### What is needed
What must be written out is each line from the one holding "The next Mai" through the end of the records, word for word, minus any pictures.
(Beginning of Data provided)
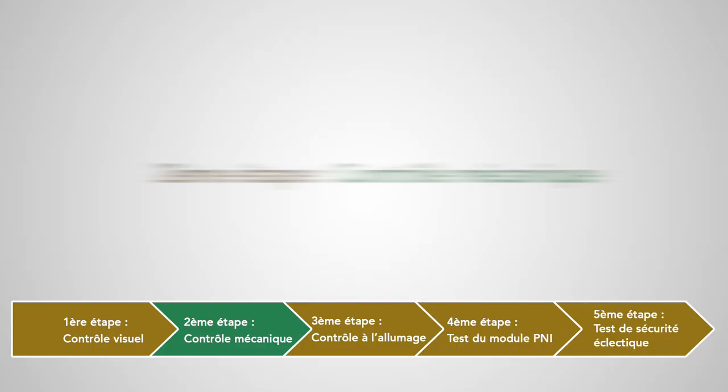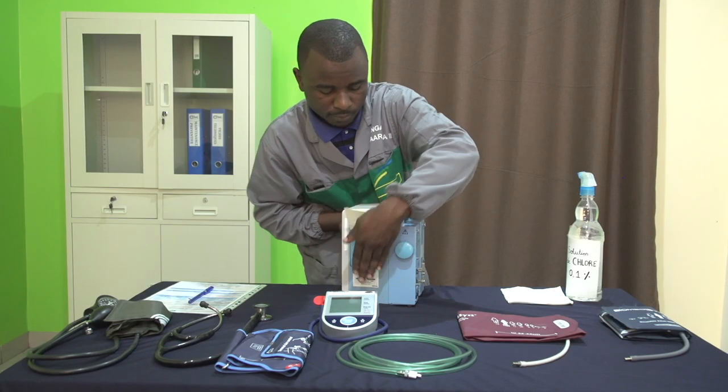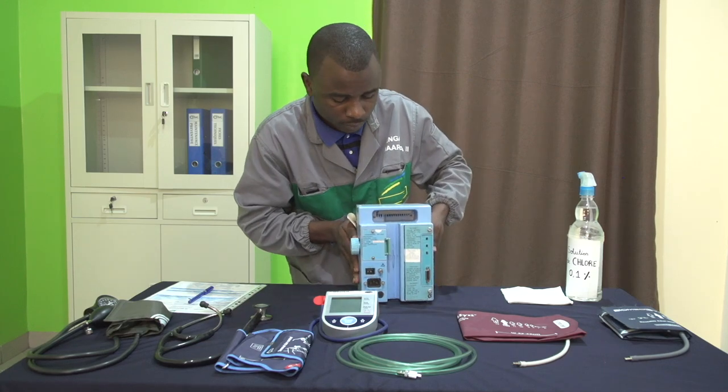On nettoie l'appareil avec un produit détergent désinfectant approprié aux dispositifs médicaux ou avec de l'eau chlorée à 0,1%. Deuxième étape : contrôle mécanique. On vérifie ici l'état du support et l'intégrité du châssis.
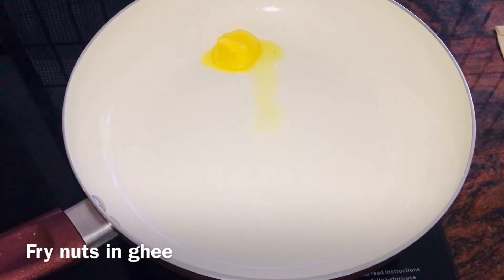When it comes, we are going to start to mix the bowl. When it comes, we are going to try to mix.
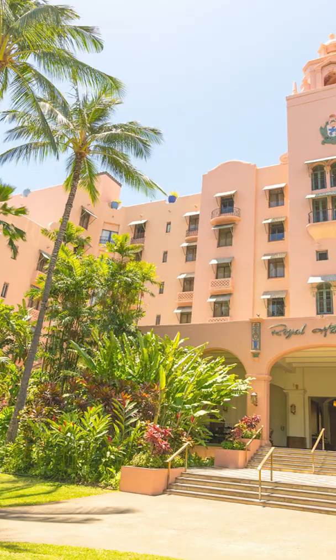The next Mai Tai we're doing is from the Surf Bar at the Royal Hawaiian Hotel in Waikiki Beach. This one dates back to about 1971.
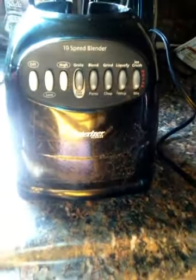Alright folks, this is my new blender that my aunt Val gave me and it works really good. It's a 10-speed blender — it's an organizer blender. Right here is the cup for the blender. You can make stuff with it like ice cream. I made a smoothie with this blender.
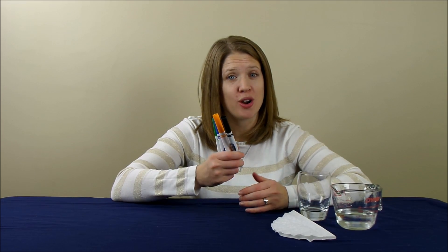Hey everyone, it is Danielle from Cool Science Experiments Headquarters. For the experiment today, we are going to use some markers in the colors of green, blue, orange, and black. And we are going to discover how the colors were made. Let's get started.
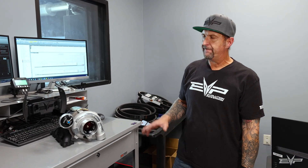Hey everyone, Jim with Evolution Power Sports, and today we're going to talk about my favorite thing in the world to talk about, which is turbo upgrades, and this time it's for the Can-Am X3.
(End of Data provided)
### Solution to this exercise
The next Mai Tai we're doing is from the Surf Bar at the Royal Hawaiian Hotel in Waikiki Beach. This one dates back to about 1971.
Alright folks, this is my new blender that my aunt Val gave me and it works really good. It's a 10-speed blender — it's an organizer blender. Right here is the cup for the blender. You can make stuff with it like ice cream. I made a smoothie with this blender.
Hey everyone, it is Danielle from Cool Science Experiments Headquarters. For the experiment today, we are going to use some markers in the colors of green, blue, orange, and black. And we are going to discover how the colors were made. Let's get started.
Hey everyone, Jim with Evolution Power Sports, and today we're going to talk about my favorite thing in the world to talk about, which is turbo upgrades, and this time it's for the Can-Am X3.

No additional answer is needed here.